“In my glamorous life of being a mogul today,” Bethenny Frankel says, “I cleaned up dog poop and steamed lotion off the carpet.”
We are talking at 6 p.m. on a Thursday. It’s been quite a day. The dog poop was the dog’s fault. The lotion was Frankel’s. She spilled it shortly after rushing to drop off her daughter at a playdate—a drop-off that was so hurried that her daughter’s hair was still wet from a shower. Frankel then had to take over a hotel reservation that someone was supposed to make for her, but they bungled it. Her wardrobe for a Home Shopping Network appearance was a mess, so she fixed that herself. After our talk, she’s filming an online video about BSTRONG, her initiative that raises money for disaster relief work. “I will have to proofread the entire post,” she says, “because it will be grammatically incorrect if I don’t.”

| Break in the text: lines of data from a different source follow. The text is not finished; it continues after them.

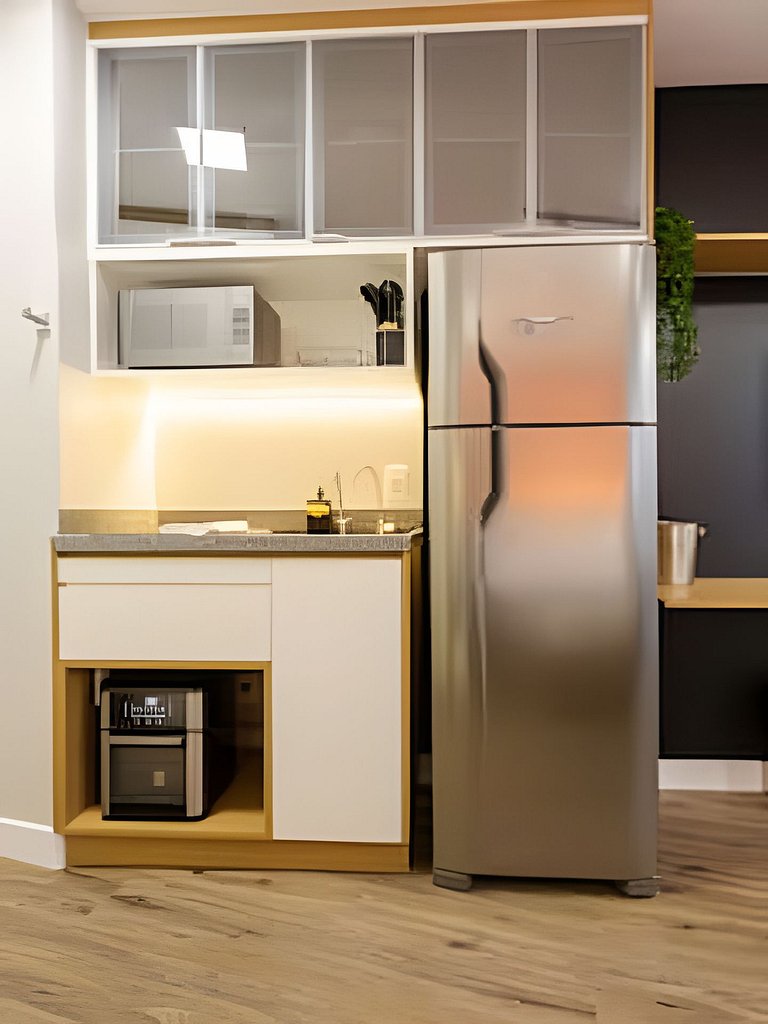 Campo Belo: Apto Lindo e Completo • Até 3 Pessoas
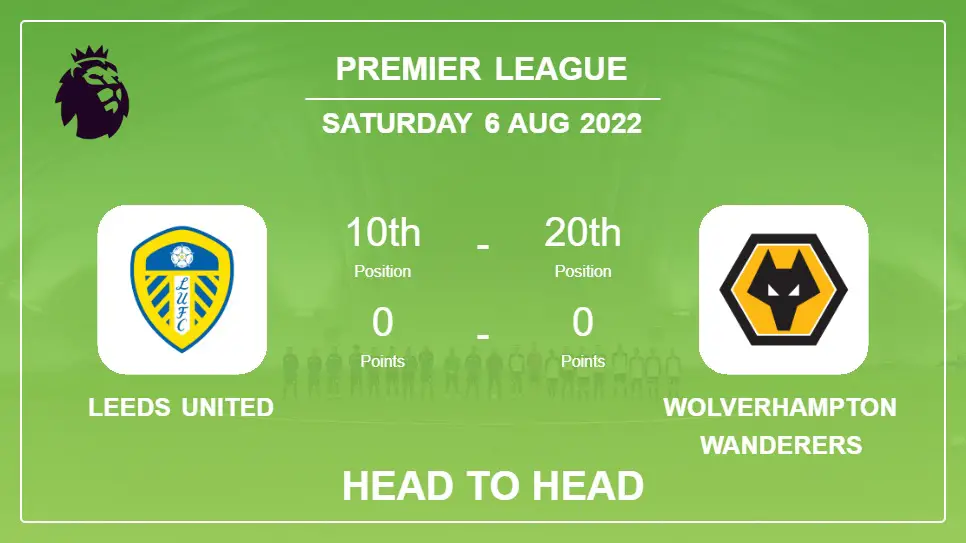 Head to Head Leeds United vs Wolverhampton Wanderers | Prediction, Odds - 06-08-2022 - Premier League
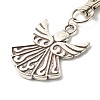 Angel & Fairy Tibetan Style Alloy Keychain HJEW-JM00560-04-2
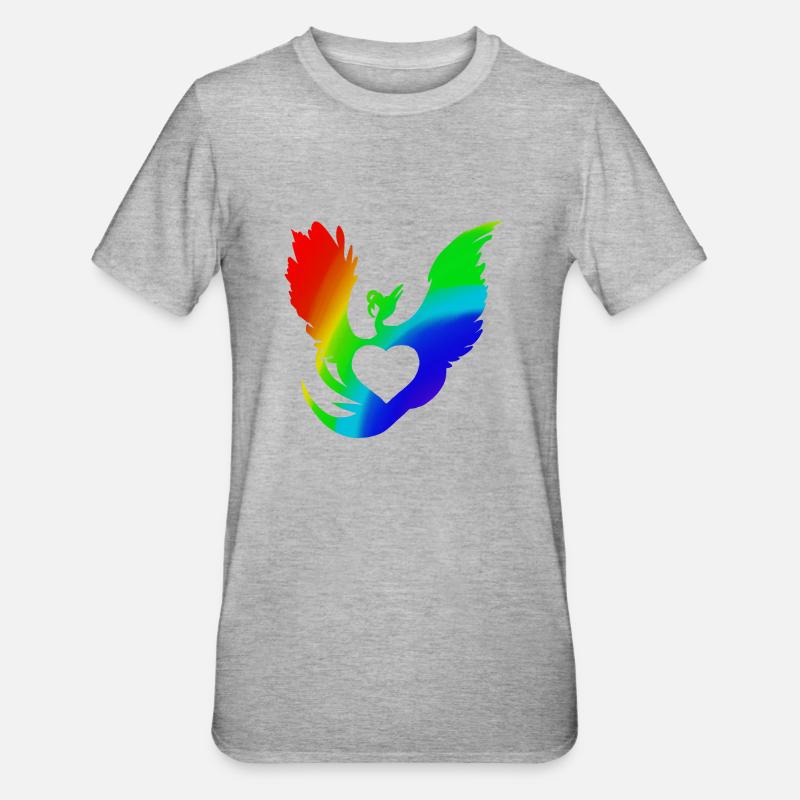 Phoenix Hart - T-shirt polycoton Unisexe - gris chiné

She isn’t complaining. Instead, she’s illustrating a problem she has yet to solve. Frankel has famously transformed her once fractured life—a difficult childhood among degenerates and gamblers, being flat broke in her late 30s, countless career changes, and then a star turn on The Real Housewives of New York City that she used to frame herself as a brand builder, including creating the juggernaut lifestyle brand Skinnygirl. But like most entrepreneurs, she has still not figured out how to exit the weeds.
“I’ve always wanted someone to be me—to be able to think like me and make decisions like me,” she says. “And I don’t even know if that’s possible.”